Blackest Cloud installation.

Blackest Cloud installation.


The 2016 Cell Series is sponsored in part by Susie and Joe Clack, Tom Jones Fine Art, Amy and Patrick Kelly, Juli and Mac McGinnis, Talley Dunn Gallery, Kathy Webster in Memory of Charles H. Webster, and Anonymous. 

 The Cell Series presents living artists and their work. It offers a rare opportunity to encounter work that is attempting to interpret and translate the world we universally experience in unique and surprising ways. The founders of the Old Jail Art Center were passionate about supporting and showing living artists and their work—the museum continues this important mission with the Cell Series.

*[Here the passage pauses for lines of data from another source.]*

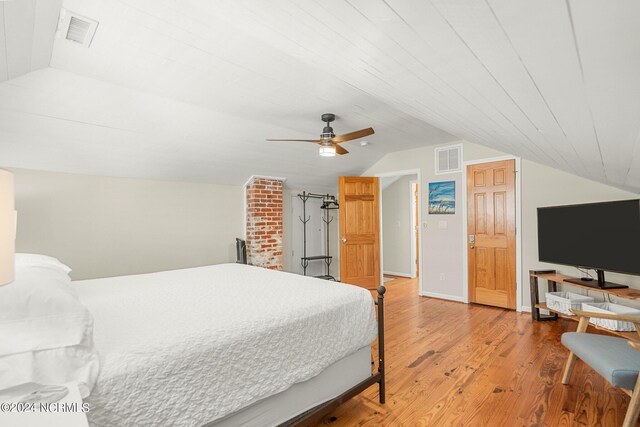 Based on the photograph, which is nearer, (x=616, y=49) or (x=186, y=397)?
(x=616, y=49)

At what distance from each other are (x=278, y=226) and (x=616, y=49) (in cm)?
477

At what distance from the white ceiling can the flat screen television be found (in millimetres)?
726

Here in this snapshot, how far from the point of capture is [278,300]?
192 cm

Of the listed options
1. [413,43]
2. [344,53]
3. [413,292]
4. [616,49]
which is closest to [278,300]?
[344,53]

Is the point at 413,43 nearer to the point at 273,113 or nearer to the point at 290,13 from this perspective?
the point at 290,13

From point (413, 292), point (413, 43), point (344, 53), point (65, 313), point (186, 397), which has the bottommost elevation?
point (413, 292)

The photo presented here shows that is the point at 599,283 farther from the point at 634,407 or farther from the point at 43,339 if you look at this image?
the point at 43,339

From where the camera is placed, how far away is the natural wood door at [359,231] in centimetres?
543

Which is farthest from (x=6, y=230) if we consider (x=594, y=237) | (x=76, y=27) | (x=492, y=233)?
(x=492, y=233)

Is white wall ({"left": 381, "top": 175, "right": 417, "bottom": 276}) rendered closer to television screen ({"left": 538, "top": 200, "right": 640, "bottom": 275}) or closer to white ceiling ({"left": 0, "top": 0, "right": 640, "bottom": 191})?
white ceiling ({"left": 0, "top": 0, "right": 640, "bottom": 191})

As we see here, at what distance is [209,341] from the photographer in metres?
1.40

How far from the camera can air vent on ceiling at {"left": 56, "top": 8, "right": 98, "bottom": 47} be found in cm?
176

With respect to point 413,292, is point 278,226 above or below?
above

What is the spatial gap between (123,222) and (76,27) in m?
2.49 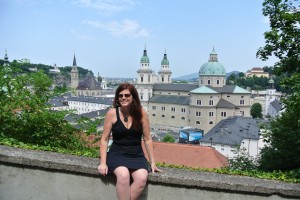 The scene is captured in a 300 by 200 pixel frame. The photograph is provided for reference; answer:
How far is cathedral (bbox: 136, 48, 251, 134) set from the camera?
69938mm

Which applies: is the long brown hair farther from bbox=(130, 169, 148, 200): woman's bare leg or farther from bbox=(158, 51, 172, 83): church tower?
bbox=(158, 51, 172, 83): church tower

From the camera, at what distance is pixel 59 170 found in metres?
4.16

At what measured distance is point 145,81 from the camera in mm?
85125

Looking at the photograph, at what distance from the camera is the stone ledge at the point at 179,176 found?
3.85m

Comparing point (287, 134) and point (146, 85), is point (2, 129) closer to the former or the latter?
point (287, 134)

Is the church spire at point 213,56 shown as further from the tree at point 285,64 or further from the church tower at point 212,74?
the tree at point 285,64

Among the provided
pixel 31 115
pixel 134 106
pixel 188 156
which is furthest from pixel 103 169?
pixel 188 156

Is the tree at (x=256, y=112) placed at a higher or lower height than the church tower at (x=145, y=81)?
lower

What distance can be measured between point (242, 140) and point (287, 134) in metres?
32.4

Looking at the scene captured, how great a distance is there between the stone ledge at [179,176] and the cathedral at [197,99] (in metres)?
66.2

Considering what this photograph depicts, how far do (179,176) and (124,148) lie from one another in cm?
73

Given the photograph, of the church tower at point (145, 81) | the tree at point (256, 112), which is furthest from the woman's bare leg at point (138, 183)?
the tree at point (256, 112)

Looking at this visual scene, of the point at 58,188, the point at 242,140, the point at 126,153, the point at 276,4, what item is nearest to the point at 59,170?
the point at 58,188

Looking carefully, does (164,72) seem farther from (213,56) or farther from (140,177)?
(140,177) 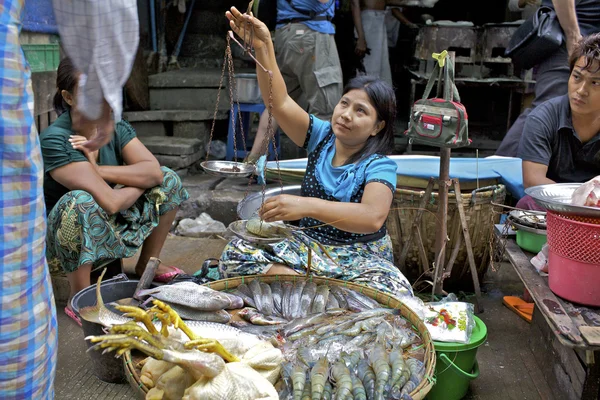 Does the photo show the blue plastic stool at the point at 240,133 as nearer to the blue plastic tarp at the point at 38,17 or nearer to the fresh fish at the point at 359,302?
the blue plastic tarp at the point at 38,17

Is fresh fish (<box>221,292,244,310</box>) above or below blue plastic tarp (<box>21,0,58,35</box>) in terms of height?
below

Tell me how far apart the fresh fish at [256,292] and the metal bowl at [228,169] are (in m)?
0.68

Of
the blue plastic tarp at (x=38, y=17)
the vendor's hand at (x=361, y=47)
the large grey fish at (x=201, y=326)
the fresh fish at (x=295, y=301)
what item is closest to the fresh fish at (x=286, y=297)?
the fresh fish at (x=295, y=301)

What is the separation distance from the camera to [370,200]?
299 cm

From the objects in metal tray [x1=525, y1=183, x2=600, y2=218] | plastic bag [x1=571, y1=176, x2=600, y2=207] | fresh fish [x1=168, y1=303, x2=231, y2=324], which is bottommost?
fresh fish [x1=168, y1=303, x2=231, y2=324]

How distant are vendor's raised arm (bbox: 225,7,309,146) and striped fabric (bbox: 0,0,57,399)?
5.03 feet

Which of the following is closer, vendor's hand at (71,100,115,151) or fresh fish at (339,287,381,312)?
vendor's hand at (71,100,115,151)

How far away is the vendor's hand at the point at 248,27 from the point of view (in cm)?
289

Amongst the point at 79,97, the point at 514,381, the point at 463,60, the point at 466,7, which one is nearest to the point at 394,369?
the point at 514,381

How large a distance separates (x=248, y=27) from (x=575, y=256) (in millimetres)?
1837

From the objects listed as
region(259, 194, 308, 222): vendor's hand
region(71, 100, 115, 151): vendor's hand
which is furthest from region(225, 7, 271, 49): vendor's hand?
region(71, 100, 115, 151): vendor's hand

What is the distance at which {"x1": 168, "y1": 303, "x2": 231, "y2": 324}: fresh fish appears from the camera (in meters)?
2.63

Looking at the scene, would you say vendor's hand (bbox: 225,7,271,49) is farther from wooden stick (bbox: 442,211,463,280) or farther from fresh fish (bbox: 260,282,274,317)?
wooden stick (bbox: 442,211,463,280)

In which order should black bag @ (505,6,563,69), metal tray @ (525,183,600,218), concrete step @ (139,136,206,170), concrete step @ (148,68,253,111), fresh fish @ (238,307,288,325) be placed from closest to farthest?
metal tray @ (525,183,600,218) < fresh fish @ (238,307,288,325) < black bag @ (505,6,563,69) < concrete step @ (139,136,206,170) < concrete step @ (148,68,253,111) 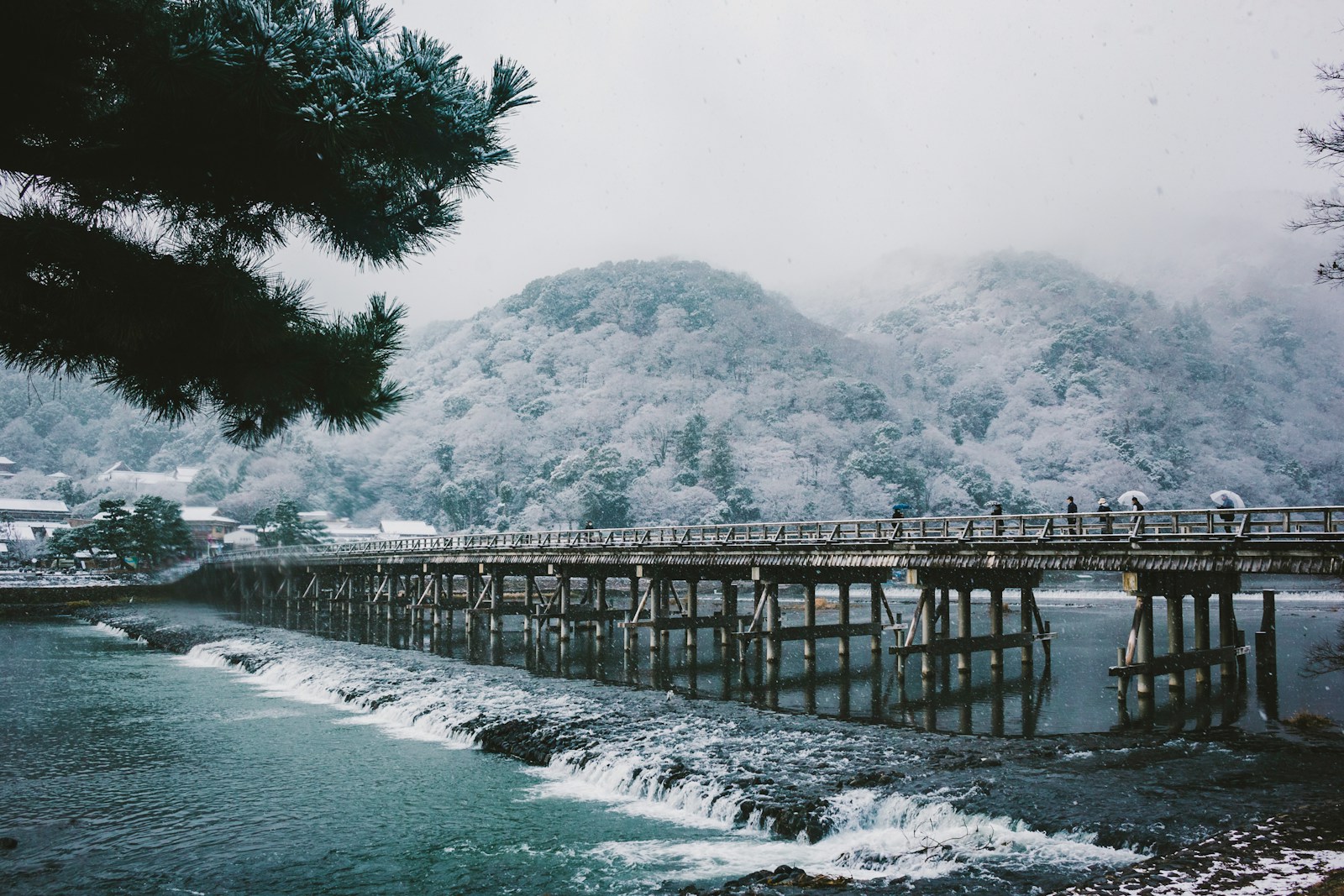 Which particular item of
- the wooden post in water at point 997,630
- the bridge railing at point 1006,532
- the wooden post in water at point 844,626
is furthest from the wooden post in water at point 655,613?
the wooden post in water at point 997,630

Patrick Kelly, the Old Jail Art Center’s Director and Curator, email interview with artist Dan Phillips.  (August 2016)

PK:  When did you first become interested in designing and making furniture?  

DP:  That would be after I was in furniture making school. I wanted to learn all the woodworking tricks so that I could make art. Once I was there, I became infatuated with furniture. And that became my focus. Since then, I think I have made four or five sculptures.

PK:  So if I understand, in 2005 you went to Boston’s North Bennet Street School in the hope you would learn specific skills to make sculpture? 

DP:  More or less. I wanted to make wood sculptures and I wanted them to be skillfully made. One of my favorite artists is HC Westermann. The pieces of his I like the most incorporate fancy woodworking. So he was sort of my inspiration to learn and use all of that stuff in my artwork. 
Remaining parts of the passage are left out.